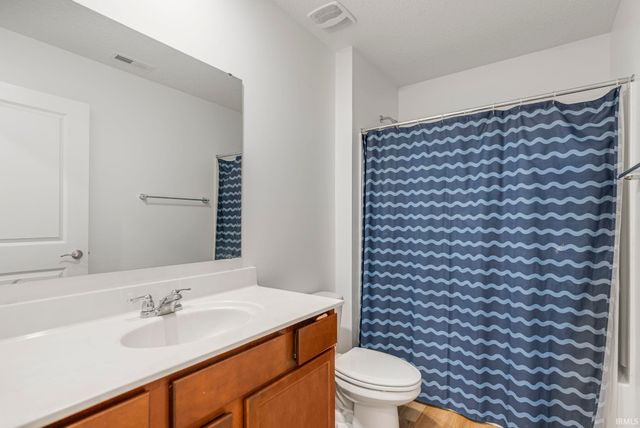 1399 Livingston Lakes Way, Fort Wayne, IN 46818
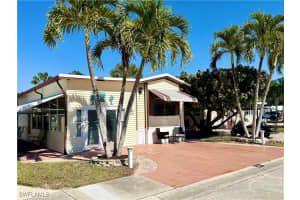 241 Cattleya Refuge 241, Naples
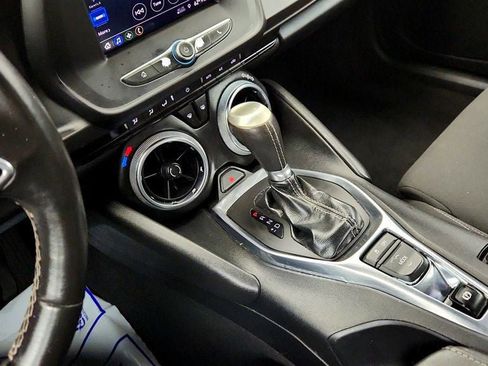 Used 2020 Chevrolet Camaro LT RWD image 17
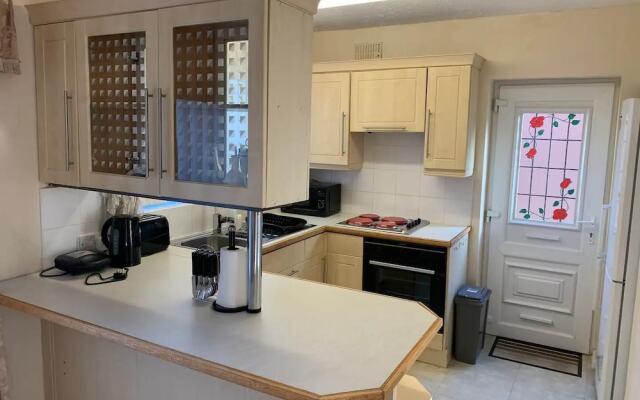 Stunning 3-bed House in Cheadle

* * *

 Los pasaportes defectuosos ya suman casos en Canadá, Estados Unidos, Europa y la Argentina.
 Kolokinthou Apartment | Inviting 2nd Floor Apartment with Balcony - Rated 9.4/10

▶ **What you have to do**: Out of the data above, give again only the lines starting at the one holding "Los pasaportes defectuosos" and ending at the one holding "Kolokinthou Apartment |", unchanged.

▶ **Exercise answer**:
 Los pasaportes defectuosos ya suman casos en Canadá, Estados Unidos, Europa y la Argentina.
 Kolokinthou Apartment | Inviting 2nd Floor Apartment with Balcony - Rated 9.4/10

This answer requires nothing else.